Consumer demand is also rising, with public support growing across the country (and beyond) for right-to-repair laws that require companies to provide them with the same spare parts and repair manuals for products that have long been made available to authorized repair firms. 

Against this background (and maybe most pressingly, in light of the need to comply with a growing number of states’ right-to-repair laws), companies appear to be waking up to the need to reevaluate their stances on repairs and the lifecycle of their products more broadly. As Los Angeles Times columnist Brian Merchant wrote this past summer, traditional right-to-repair opponents, such as Apple and other tech titans, “can see which way the wind is blowing.” The iPhone-maker – which initially opposed the California right-to-repair bill, for example, but subsequently changed its tune – may “know that consumers are not as keen to buy a new phone every year or two, and that the repair business is growing – and may seek to consolidate its control over the market segment,” Merchant asserted. 

He noted that “having watched this trend coming for years now, Apple has been building an industry lead on repairable devices, [and] by announcing its support of the right to repair, Apple gets to look like the good guy and perhaps get a jump on the competition, too.”

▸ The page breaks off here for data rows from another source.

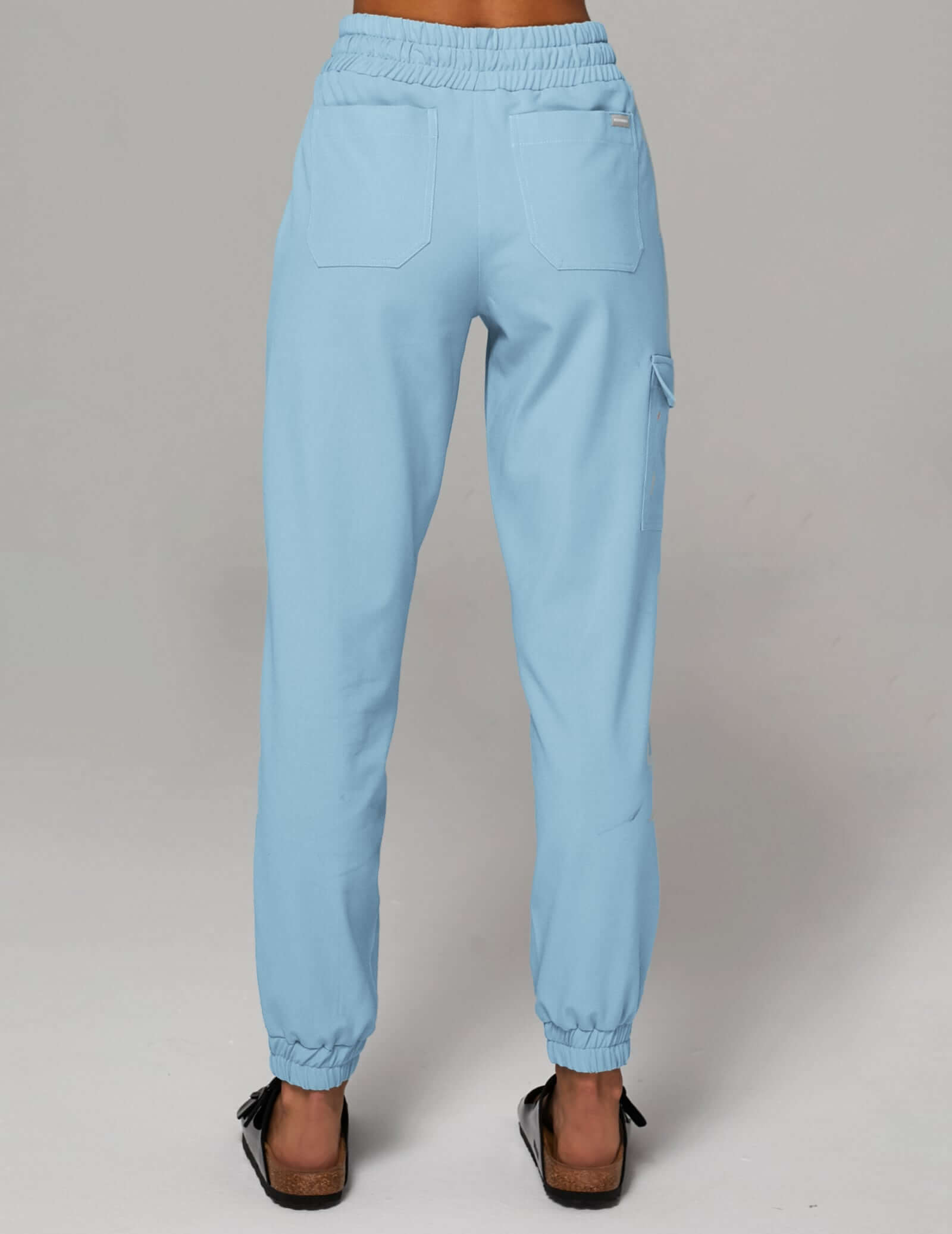 OUTLET Dámské kalhoty Jogger - SKY BLUE
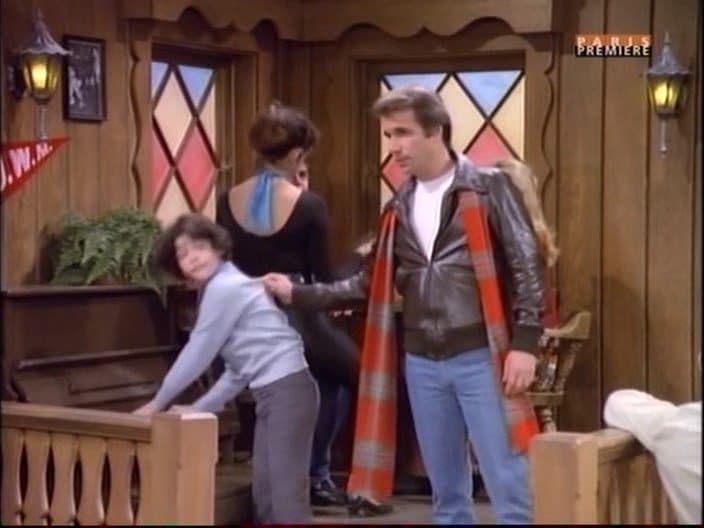 Still from Potsie on His Own
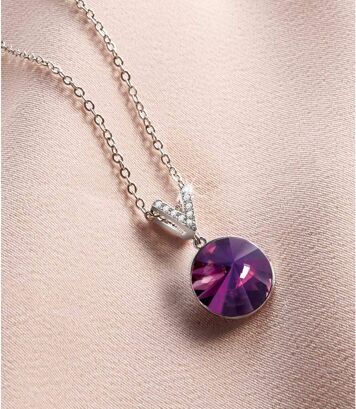 Naszyjnik kryształowy wodospad Kobieta Atlas For Men - Kolor : - Rozmiar : Rozmiar uniwersalny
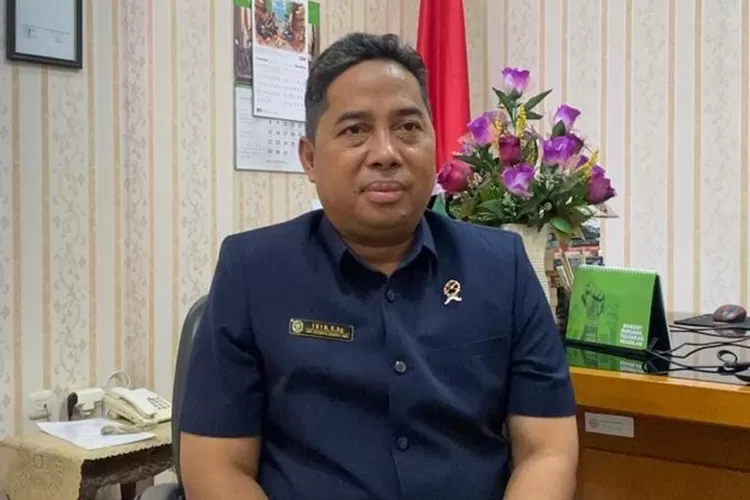 Ketua Pengadilan Agama Kabupaten Batang, Ikin.   (Muslihun/Kontributor Batang)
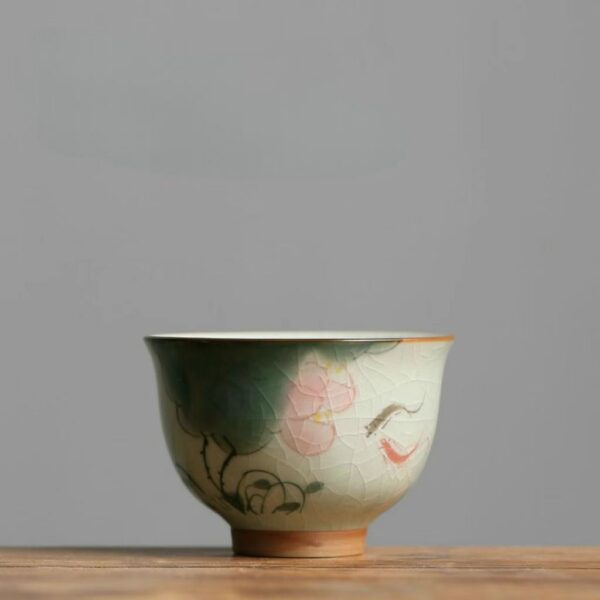 Lotus Jianzhan - The spiritual master cup of prosperity and success - Image 6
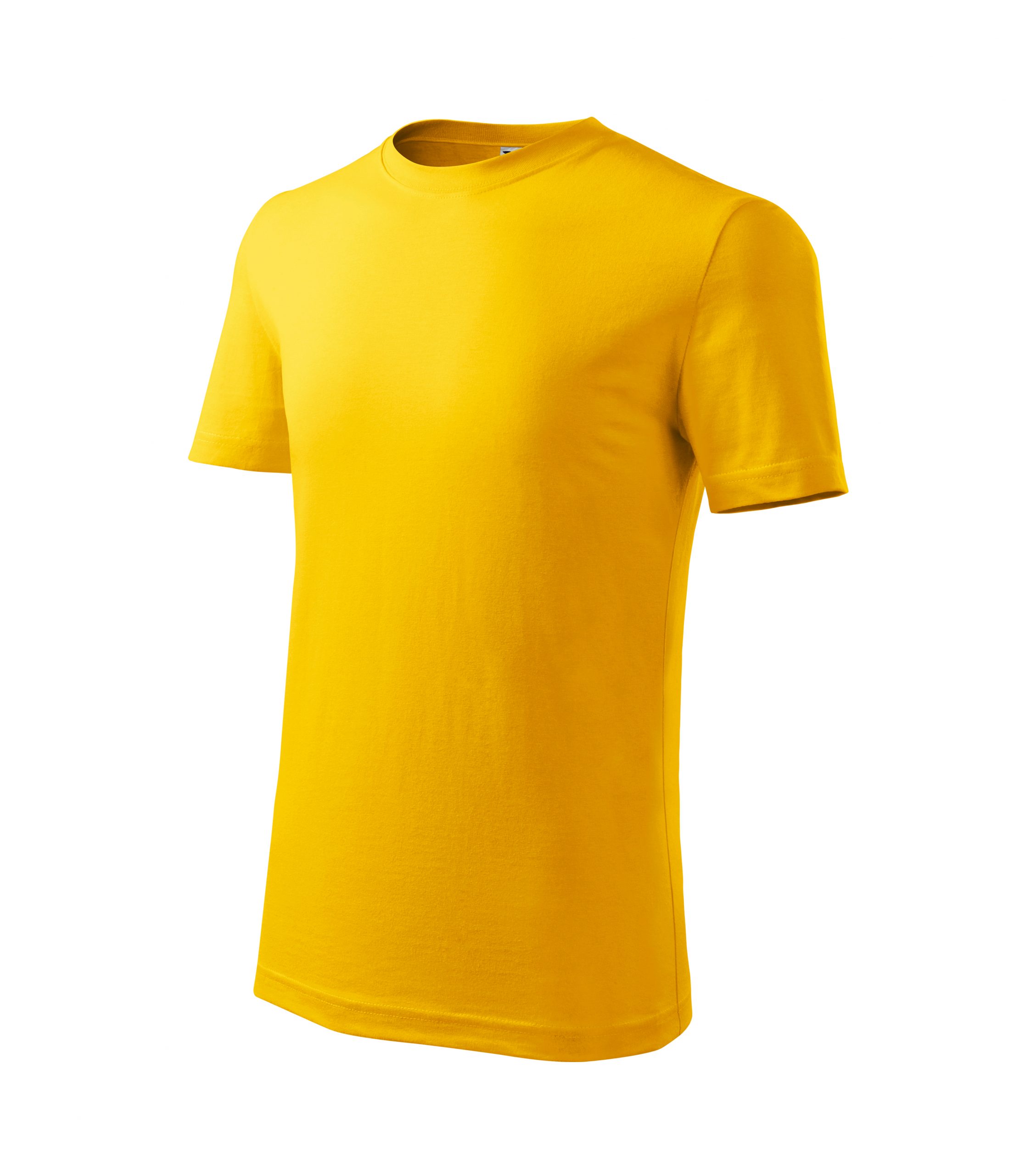 Detské žlté tričko Classic New | FUTBALservis.sk
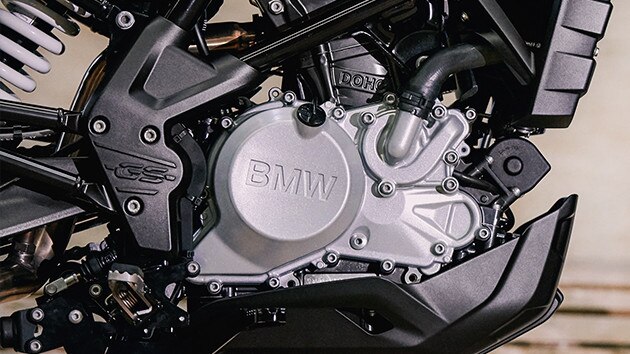 Одноцилиндровый четырехтактный двигатель F 310 GS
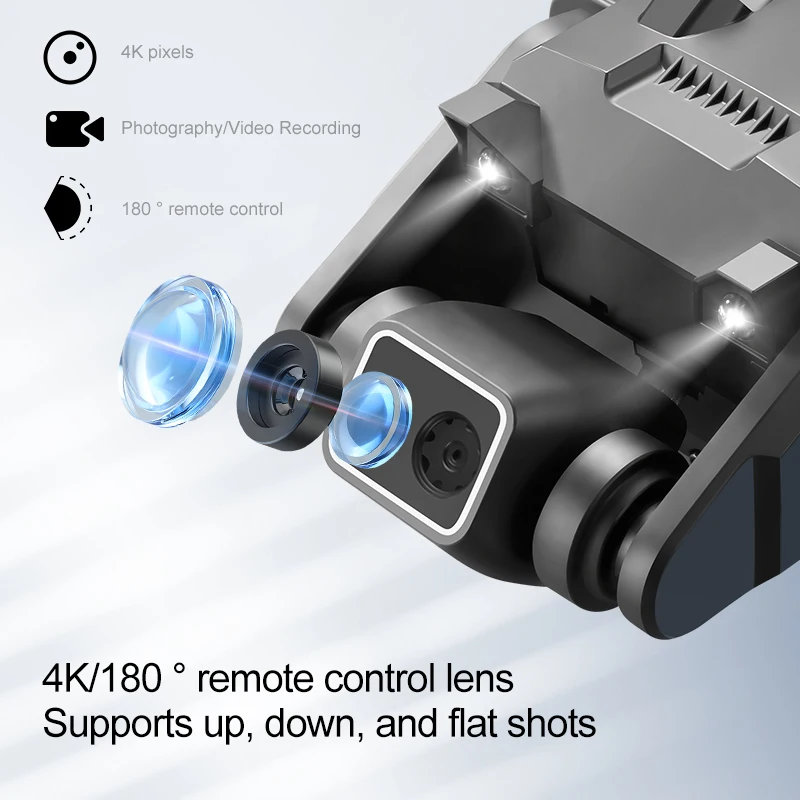 RG700Pro 5G WIFI Brushless RC Drone Helicopter Obstacle Avoidance 4K Dual Camera 4CH 6Axis Gyro GPS Drone Remote Control Toys 3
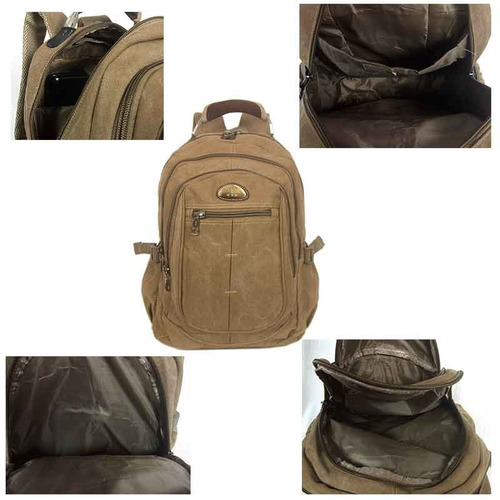 Imagem 6 de 6 de Mochila Escolar Feminina Masculina Reforçada 35 L Note 17'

As for the impact that rising right-to-repair – and extended producer responsibility policies and regulations – and the corresponding extension of products’ lifespans will have the on the market for new products, Infosys claims that it will lower revenue from the sales of new goods.” However, this overarching movement may also serve as an opportunity for companies, including those in the luxury realm, to generate new revenue by way of “post-sale services, spare parts sales, upgrades, retrofits, exchanges, and end-of-life material management [that] could offset the impact in the long run.”